What is expected:
All records below are to be set down precisely as written, excluding pictures.

Records supplied:

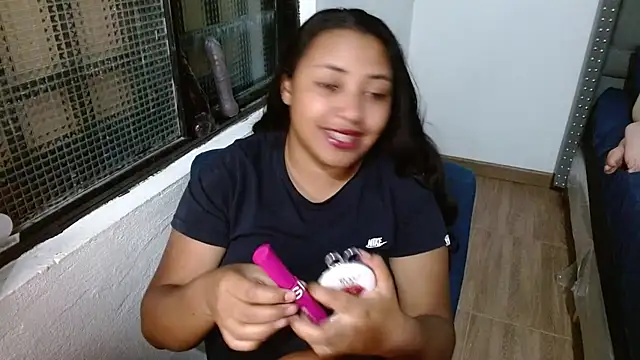 Snapshot of tatiana_wd chatting on October 2, 1:56 am tatiana wd online show from October 2, 1:56 am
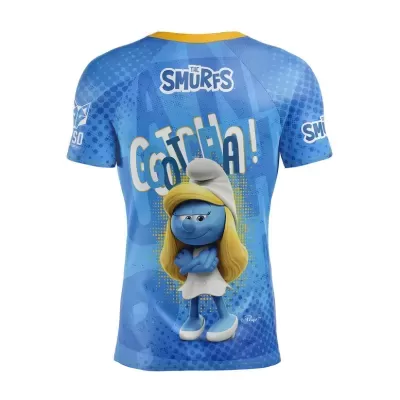 Camiseta azul dos Smurfs com personagem Smurfette e texto Gotcha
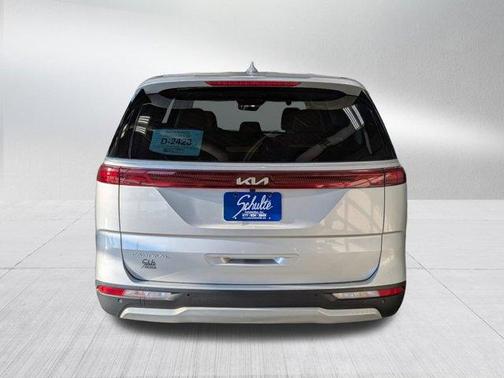2023 Kia Carnival LX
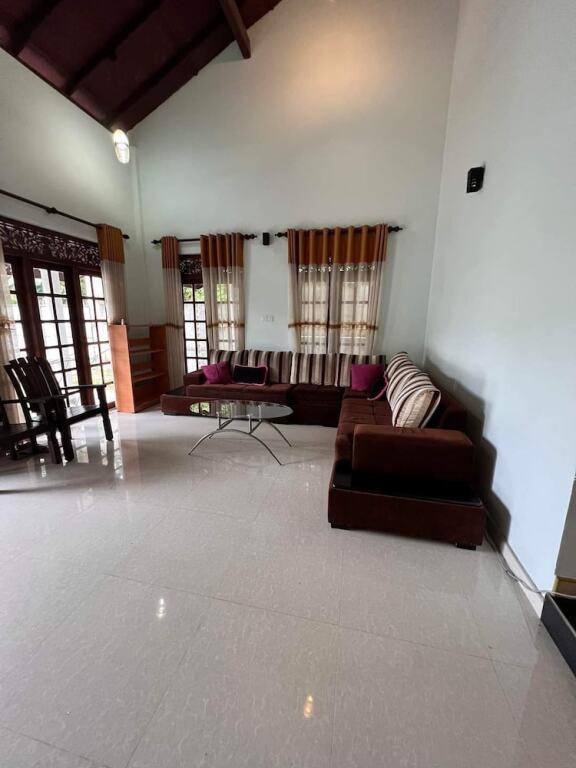 Impeccable 3-bed House in Unawatuna, Galle — фото 5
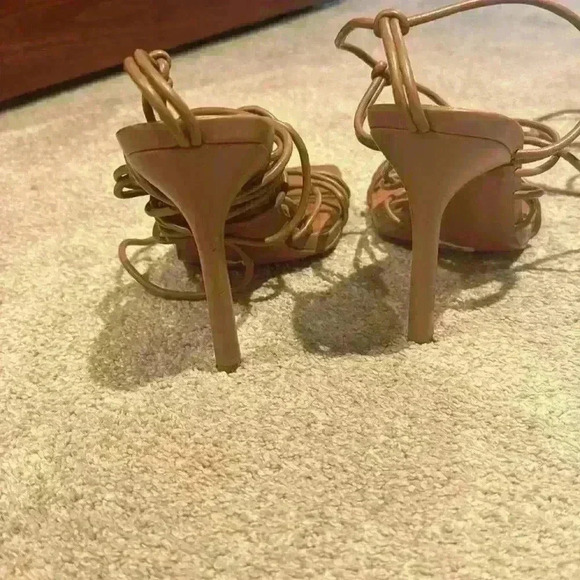 ASOS DESIGN Nina strappy tie leg heeled sandals in beige size 8 - Picture 3 of 3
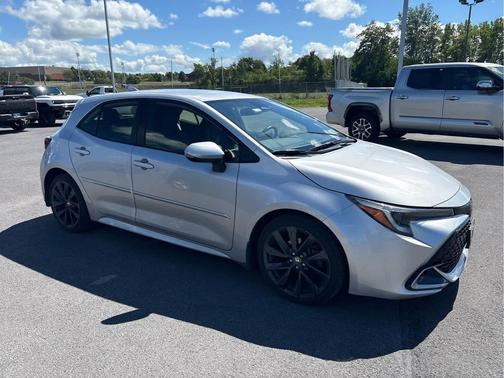 Classic Silver Metallic 2023 Toyota Corolla XSE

Response to this task:
 Snapshot of tatiana_wd chatting on October 2, 1:56 am tatiana wd online show from October 2, 1:56 am
 Camiseta azul dos Smurfs com personagem Smurfette e texto Gotcha
2023 Kia Carnival LX
 Impeccable 3-bed House in Unawatuna, Galle — фото 5
 ASOS DESIGN Nina strappy tie leg heeled sandals in beige size 8 - Picture 3 of 3
 Classic Silver Metallic 2023 Toyota Corolla XSE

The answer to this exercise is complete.